So the f'(x) is 2x -4.

What is f'(x)? In relation to all tangents to the graph of f(x)?

f'(x) is the slope of all those tangent lines.

So for the tangent lines that pass through the origin (0,0), you have a known point, and the the slope of the tangent lines.

Using the point-slope form of the equation of a line,

(y -y1) = m(x -x1) -------**

with (0,0) as (x1,y1), and (2x -4) as m,

(y -0) = (2x -4)(x -0)

y = (2x -4)*x ---------(i), the equation of all tangent lines that pass through (0,0).

We did not expand the righthand side into (2x^2 -4x) because that will be confusing. A tangent line is a straight line, and y = 2x^2 -4x is not a straight line

Each of those tangent lines have a point in common with f(x). That is the point of tangency. At that point, the coordinates of f(x) and of the tangent line are one and the same. So, the y-coordinate of f(x) is the same as the y-coordinate of the tangent line.

The y of f(x) is f(x). It is (x^2 -4x +25).

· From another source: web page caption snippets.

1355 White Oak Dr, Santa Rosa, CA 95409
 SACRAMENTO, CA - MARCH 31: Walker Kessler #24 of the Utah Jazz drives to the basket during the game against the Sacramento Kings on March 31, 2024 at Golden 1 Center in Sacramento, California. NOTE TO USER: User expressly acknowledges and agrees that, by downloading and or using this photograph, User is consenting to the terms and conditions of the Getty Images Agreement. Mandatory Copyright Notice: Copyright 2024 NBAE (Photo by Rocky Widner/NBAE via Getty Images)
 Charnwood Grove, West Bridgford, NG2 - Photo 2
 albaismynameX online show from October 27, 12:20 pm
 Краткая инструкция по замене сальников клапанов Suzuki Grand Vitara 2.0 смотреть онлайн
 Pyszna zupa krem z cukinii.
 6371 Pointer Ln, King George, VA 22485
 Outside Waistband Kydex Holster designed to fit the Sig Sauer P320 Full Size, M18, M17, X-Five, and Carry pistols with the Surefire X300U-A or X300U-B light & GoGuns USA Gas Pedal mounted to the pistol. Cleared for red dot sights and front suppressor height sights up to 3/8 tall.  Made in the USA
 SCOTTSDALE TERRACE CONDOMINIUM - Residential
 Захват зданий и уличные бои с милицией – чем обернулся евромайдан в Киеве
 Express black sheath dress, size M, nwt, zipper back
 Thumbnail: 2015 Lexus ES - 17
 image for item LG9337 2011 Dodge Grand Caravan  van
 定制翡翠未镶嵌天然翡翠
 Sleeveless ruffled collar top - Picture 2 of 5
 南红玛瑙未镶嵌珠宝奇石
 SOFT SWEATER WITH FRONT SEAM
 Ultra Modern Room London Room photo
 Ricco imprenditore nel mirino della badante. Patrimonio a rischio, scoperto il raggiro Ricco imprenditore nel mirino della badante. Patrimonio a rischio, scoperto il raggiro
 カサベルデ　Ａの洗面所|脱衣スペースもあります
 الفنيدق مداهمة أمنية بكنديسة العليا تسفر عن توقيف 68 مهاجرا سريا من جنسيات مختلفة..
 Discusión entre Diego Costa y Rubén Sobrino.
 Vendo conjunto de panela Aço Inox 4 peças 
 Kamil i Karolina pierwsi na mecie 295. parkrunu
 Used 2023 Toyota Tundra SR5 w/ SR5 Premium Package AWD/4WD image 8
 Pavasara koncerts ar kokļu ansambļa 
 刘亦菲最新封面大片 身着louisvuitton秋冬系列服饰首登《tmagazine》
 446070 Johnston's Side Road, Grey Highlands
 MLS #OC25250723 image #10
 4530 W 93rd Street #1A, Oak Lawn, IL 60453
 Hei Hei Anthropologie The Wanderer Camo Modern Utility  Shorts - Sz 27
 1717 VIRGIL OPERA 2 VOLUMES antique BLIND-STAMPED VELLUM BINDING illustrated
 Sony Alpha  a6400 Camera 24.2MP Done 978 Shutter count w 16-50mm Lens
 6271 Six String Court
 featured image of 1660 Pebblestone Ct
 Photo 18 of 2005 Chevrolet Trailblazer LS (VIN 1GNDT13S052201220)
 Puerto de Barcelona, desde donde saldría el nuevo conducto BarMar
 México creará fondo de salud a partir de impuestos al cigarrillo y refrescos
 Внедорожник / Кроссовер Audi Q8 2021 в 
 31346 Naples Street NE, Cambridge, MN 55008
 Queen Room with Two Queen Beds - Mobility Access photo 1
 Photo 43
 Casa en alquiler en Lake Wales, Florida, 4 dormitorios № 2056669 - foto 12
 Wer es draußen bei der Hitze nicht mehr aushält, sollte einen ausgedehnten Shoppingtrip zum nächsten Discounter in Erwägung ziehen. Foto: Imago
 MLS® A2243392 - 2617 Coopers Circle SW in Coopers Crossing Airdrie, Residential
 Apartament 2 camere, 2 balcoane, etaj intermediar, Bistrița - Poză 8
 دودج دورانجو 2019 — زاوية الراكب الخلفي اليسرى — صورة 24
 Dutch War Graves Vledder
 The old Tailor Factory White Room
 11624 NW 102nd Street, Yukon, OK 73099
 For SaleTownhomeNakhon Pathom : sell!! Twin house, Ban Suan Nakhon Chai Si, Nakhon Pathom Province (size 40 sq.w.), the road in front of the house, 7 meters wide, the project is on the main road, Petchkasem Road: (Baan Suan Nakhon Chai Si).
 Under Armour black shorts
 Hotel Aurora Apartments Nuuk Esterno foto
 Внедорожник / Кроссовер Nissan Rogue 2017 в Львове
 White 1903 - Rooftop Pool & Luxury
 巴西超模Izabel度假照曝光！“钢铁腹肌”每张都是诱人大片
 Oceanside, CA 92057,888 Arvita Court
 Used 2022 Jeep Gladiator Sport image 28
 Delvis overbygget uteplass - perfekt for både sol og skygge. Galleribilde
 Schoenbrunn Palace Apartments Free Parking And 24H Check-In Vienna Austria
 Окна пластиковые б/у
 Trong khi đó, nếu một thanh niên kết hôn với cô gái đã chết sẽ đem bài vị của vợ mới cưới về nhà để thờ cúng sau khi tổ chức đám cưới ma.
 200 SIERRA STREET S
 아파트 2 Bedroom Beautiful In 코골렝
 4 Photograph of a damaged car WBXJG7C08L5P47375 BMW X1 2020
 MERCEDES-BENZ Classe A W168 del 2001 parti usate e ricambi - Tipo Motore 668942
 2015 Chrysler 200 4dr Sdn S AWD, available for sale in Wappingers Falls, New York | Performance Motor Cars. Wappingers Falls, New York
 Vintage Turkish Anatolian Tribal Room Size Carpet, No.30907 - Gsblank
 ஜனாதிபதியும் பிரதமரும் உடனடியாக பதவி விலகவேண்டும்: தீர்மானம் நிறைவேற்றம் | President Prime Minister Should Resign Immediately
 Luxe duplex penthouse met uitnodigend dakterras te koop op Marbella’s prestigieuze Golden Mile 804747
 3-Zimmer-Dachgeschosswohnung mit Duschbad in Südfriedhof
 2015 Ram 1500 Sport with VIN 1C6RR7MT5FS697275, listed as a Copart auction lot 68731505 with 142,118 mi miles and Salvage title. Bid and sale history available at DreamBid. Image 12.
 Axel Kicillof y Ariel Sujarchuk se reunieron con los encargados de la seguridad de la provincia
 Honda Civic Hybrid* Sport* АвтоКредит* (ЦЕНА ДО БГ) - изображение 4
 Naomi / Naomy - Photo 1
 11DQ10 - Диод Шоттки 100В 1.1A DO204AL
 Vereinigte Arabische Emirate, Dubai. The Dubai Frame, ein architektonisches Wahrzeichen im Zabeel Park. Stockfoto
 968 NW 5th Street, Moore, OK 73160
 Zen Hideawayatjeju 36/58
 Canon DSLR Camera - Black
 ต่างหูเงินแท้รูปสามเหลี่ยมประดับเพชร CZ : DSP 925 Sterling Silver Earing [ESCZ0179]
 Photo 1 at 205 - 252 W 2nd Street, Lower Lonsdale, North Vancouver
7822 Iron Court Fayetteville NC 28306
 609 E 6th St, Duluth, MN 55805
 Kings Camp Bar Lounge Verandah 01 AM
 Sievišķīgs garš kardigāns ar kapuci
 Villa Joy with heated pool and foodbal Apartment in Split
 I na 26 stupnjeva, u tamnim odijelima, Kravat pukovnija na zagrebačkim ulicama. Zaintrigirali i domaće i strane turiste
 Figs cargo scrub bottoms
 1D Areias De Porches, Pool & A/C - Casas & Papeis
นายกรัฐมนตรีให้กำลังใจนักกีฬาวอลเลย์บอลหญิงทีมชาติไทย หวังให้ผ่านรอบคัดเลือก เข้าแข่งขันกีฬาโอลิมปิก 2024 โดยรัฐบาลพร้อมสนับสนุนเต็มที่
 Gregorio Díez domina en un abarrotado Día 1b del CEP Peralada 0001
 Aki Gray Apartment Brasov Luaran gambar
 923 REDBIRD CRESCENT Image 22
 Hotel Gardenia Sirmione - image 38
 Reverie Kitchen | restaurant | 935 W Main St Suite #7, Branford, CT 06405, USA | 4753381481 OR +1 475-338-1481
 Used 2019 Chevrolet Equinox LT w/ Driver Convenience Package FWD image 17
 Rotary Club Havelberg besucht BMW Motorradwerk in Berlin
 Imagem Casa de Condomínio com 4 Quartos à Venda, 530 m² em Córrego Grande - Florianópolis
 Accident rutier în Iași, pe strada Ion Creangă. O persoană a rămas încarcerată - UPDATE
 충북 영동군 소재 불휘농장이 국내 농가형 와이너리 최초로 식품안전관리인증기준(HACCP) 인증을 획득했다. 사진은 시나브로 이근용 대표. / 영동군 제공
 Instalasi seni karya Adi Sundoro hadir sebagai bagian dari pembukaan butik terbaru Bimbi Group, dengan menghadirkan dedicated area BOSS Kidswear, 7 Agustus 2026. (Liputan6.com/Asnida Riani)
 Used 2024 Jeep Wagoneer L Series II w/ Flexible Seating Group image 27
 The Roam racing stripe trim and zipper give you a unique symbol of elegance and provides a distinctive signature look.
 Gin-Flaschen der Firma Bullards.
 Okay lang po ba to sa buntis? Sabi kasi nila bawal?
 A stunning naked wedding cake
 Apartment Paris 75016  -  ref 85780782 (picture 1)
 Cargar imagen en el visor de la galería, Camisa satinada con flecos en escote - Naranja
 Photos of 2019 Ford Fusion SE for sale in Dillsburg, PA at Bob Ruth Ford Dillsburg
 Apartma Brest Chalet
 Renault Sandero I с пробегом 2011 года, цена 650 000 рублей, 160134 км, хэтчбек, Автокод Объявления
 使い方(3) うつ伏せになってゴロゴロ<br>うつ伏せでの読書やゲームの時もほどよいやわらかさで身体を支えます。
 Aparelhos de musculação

The y of the tangent line is (2x-4)x

Since those two y's are the same, then,

(2x -4)x = x^2 -4x +25

Simplifying,

2x^2 -4x = x^2 -4x +25

x^2 = 25

x = +,-5

when x = 5,

m = f'(5) = 2(5) -4 = 6

So, the tangent line is

y = (6)x

y = 6x ---------------------answer.

when x = -5,

m = f'(-5) = 2(-5) -4 = -14

So, the tangent line is

y = (-14)x

y = -14x ---------------------answer.

Therefore, there are only two of those tangent lines to f(x) = x^2 -4x +25 that pass through the origin (0,0).